Bridgeman Artist

ALEXANDER, ISABEL

Biography

Isabel Alexander (1910-1996), artist and illustrator, trained during the 1930s in Birmingham and at the Slade School of Art, London, and then travelled widely in Europe and worked in documentary film before settling in East Anglia and, in her later years, Yorkshire. Best known for her dramatic and distinctive landscapes and seascapes, she was also a keen portraitist and experimented with abstraction. She was influenced by her great love of landscape and the natural world, as well as her concern to document lives and work in industrial and rural communities. She also illustrated, wrote and autolithographed one of the celebrated Puffin Picture Books. Alexander's body of work includes paintings, drawings, sketches and illustrations. Like many women artists of her generation she struggled for opportunity and recognition in a field that was overwhelming male; and like many more women across society as a whole she had to reconcile ambition with financial pressures and the demands of single parenting.
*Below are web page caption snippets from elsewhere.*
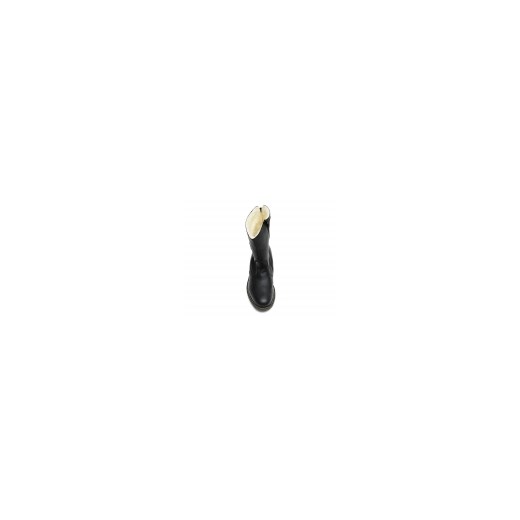 Rieker Y0480-00 czarny aligoo zolty kolorowe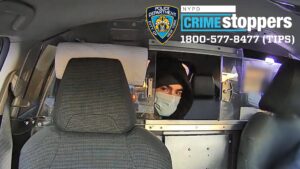 New York City Police say this is Luigi Mangione, accused of killing UnitedHealthcare CEO Brian Thompson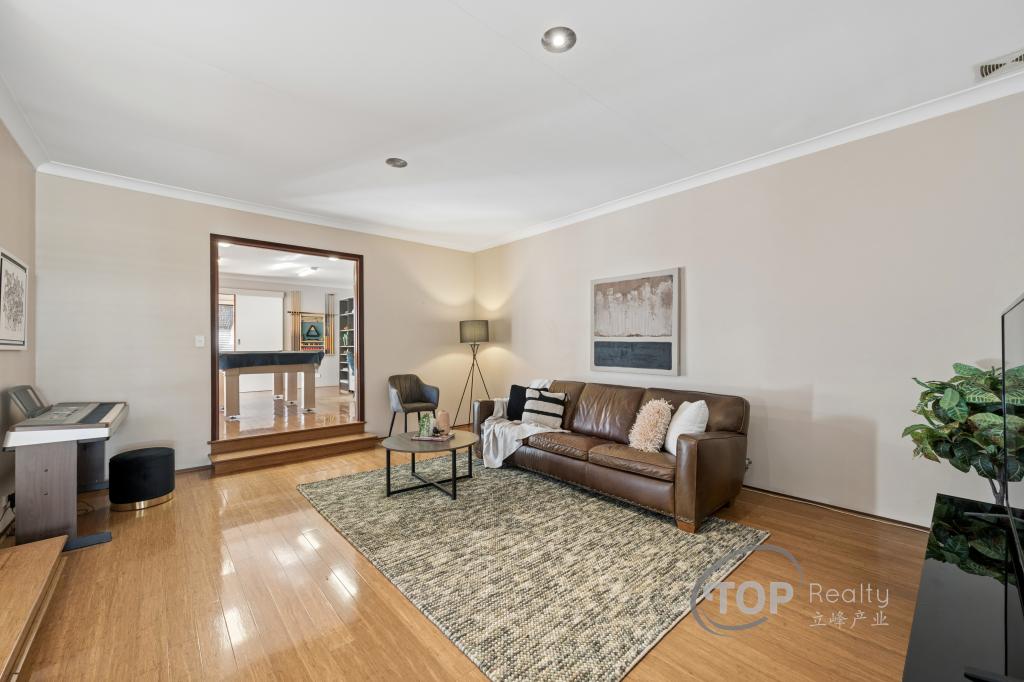 10 Hertford Cl, Bull Creek, WA 6149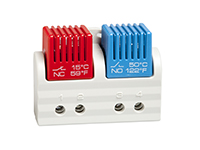 防篡改加熱散熱兩用型恒溫器（預設）FTD011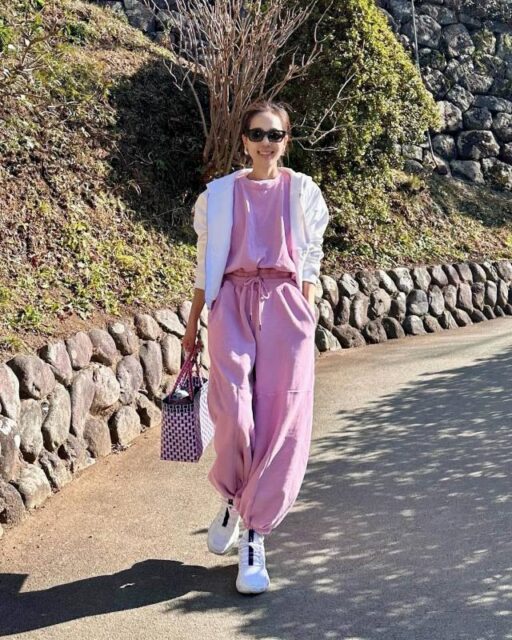 その他のアイテムを使った「親子遠足」の人気ファッションコーディネート - WEAR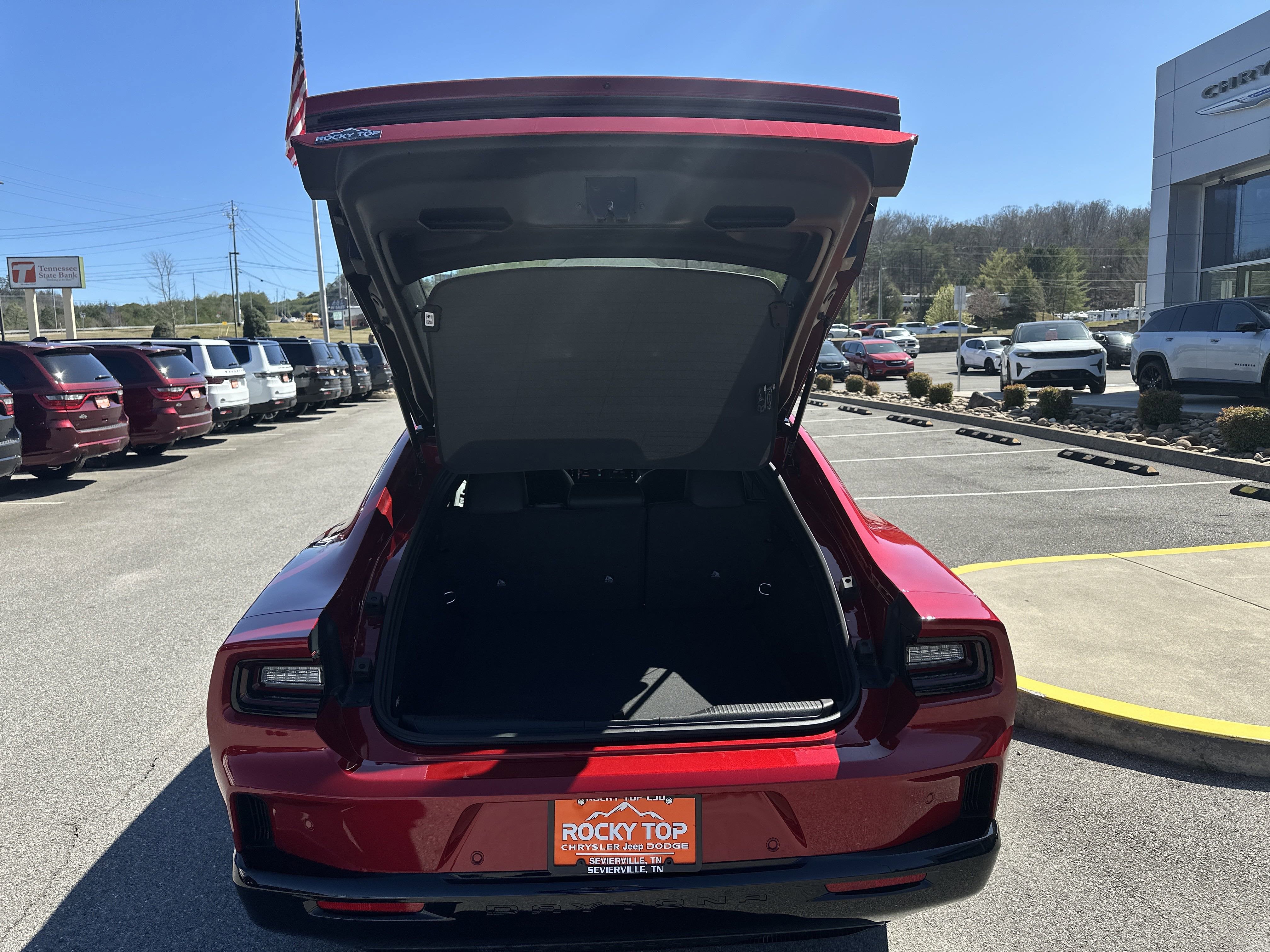 2025 Dodge Charger CHARGER 2-DOOR DAYTONA R/T AWD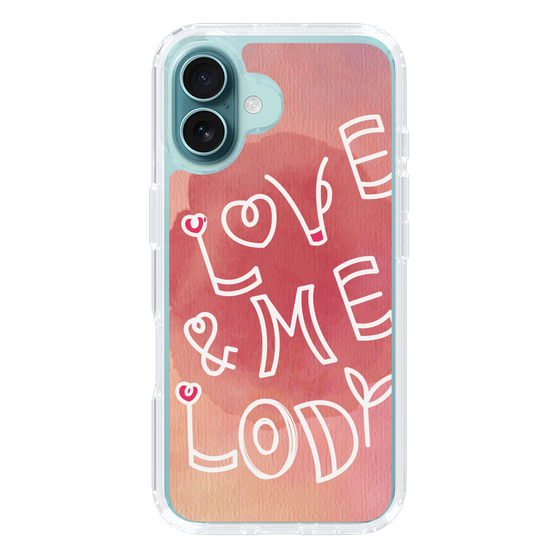 Slim Protection Case［ Nippon Broadcasting System - Akiko Yagi's Love & Melody B ］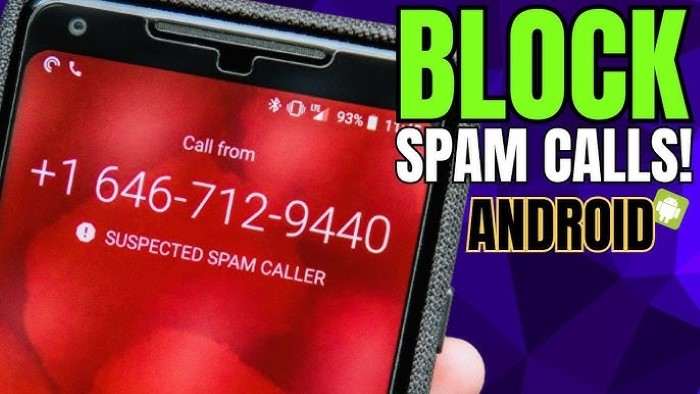 Third Party Apps to Block Spam Calls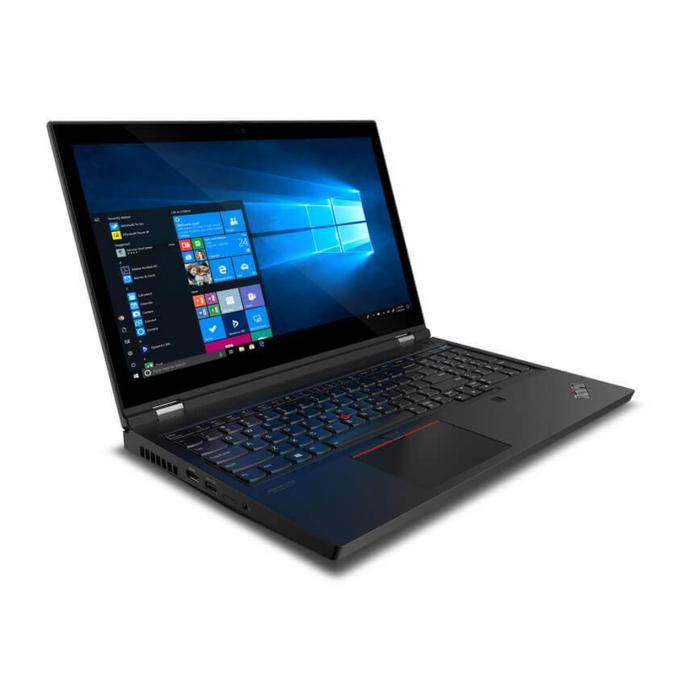 Reuse Chile Notebook Lenovo Thinkpad P15 Gen 1 Core i7 32GB RAM 1TB SSD Openbox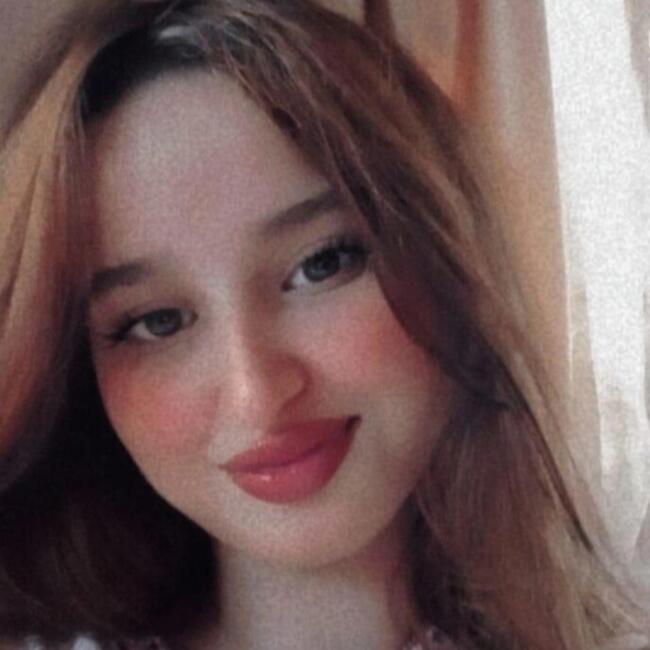 Nounou à Kénitra: Riham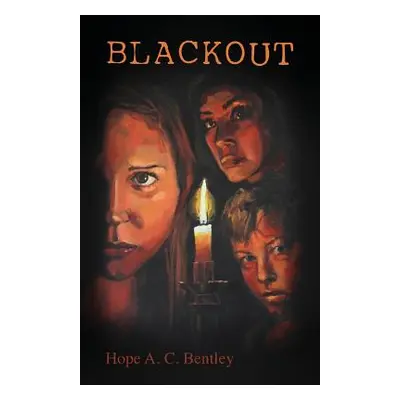 "Blackout" - "" ("Bentley Hope a. C.")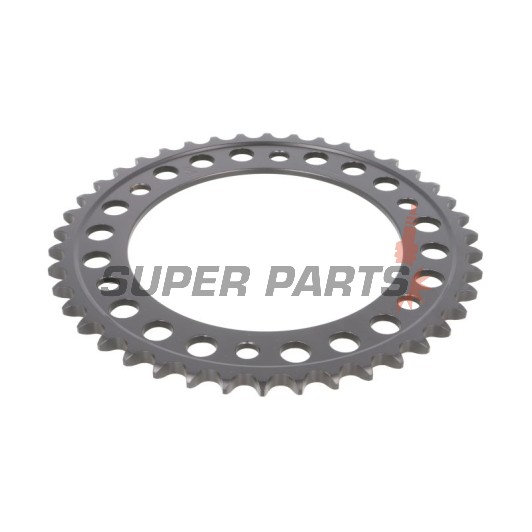 Πίσω γρανάζι -JT- JTR3,42, 42 δόντια, ατσάλινο, BMW F 650 2008-2012, F 700/750 2018, F 800 2008-2020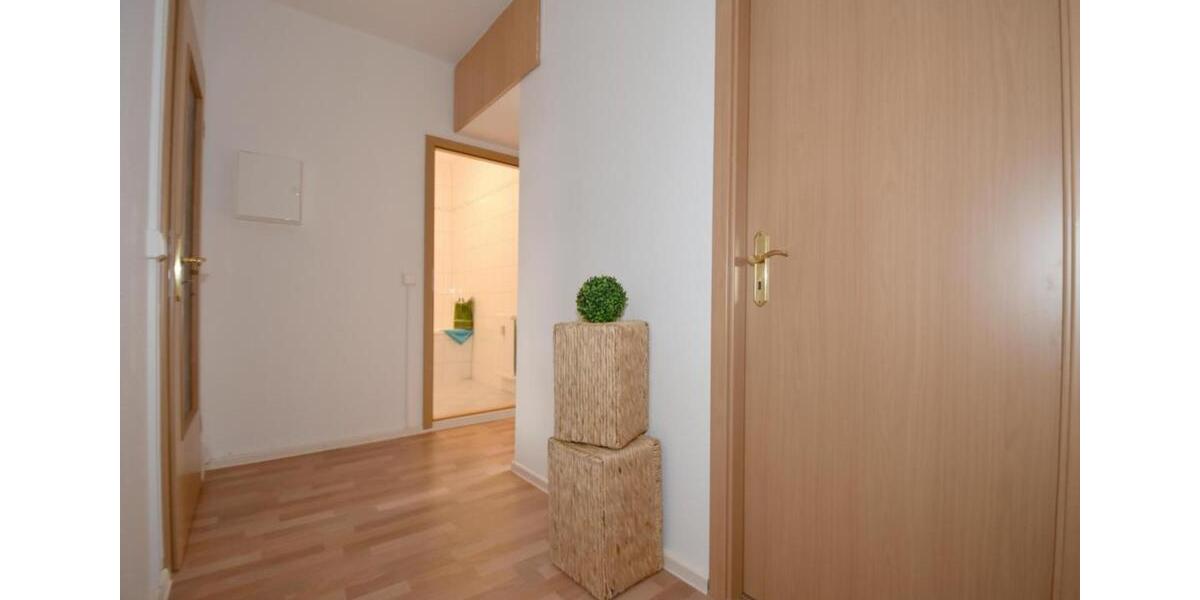 Erdgeschoßwohnung Hohenstein-Ernstthal Ernstthal - 3 Zimmer, 69 m&sup2;, 450&euro; | Angebot:19611496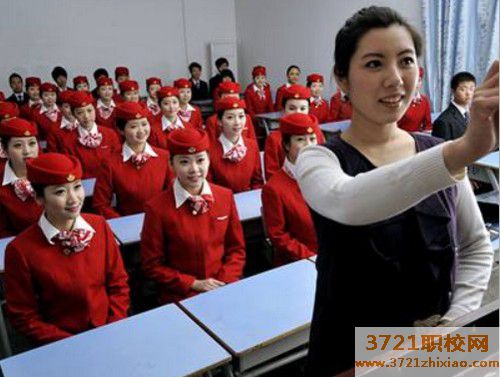 【太原职业学校】太原空姐学校招生要求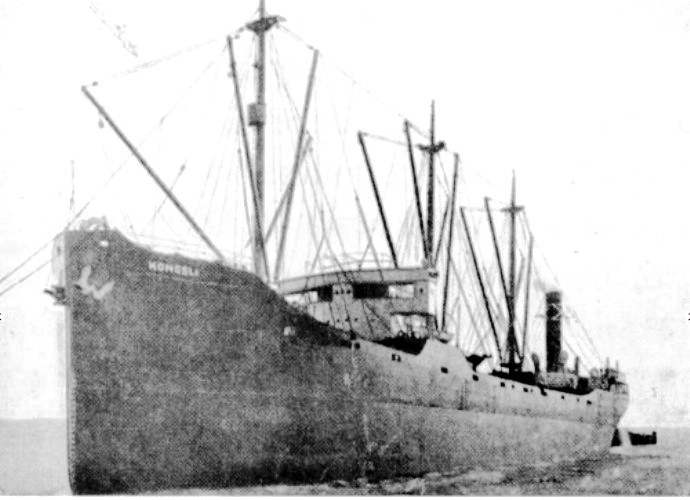 BRG21919160620001 KONGSLI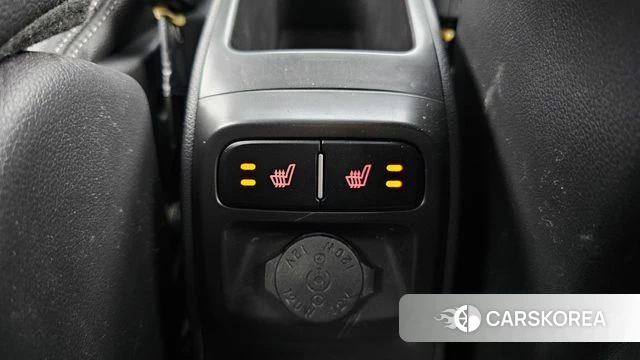 Kia The New Ray id 4309128 из Кореи 9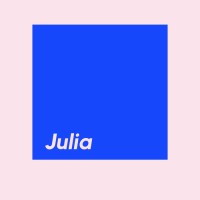 Julia logo, Julia contact details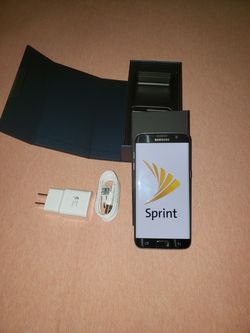 SAMSUNG GALAXY S7 EDGE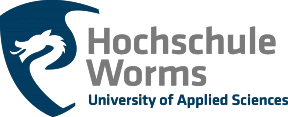 Hochschule Worms Logo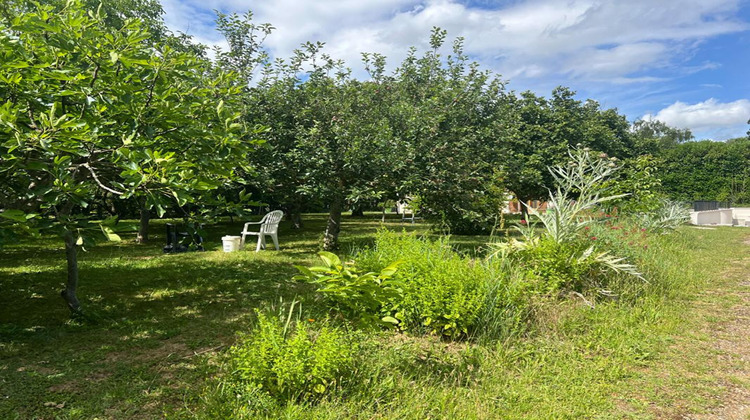Ma-Cabane - Vente Maison VILLIERS SUR LOIR, 130 m²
Interest in her work has grown since her death, prompted by a major retrospective at the Mercer Gallery, Harrogate, and the substantial illustrated monograph Isabel Alexander: artist and illustrator by Janet McKenzie, both in 2017. In 2021 Parthian Press published a lavish new edition of Miner’s Day, the book by miner-writer B.L.Coombes that first appeared, with Isabel Alexander’s illustrations, in 1945. The new edition includes nearly 80 of the artist’s South Wales images of mining, miners, and – unusually – their wives and children, many of them never seen before, together with an illuminating essay by art historian Peter Wakelin.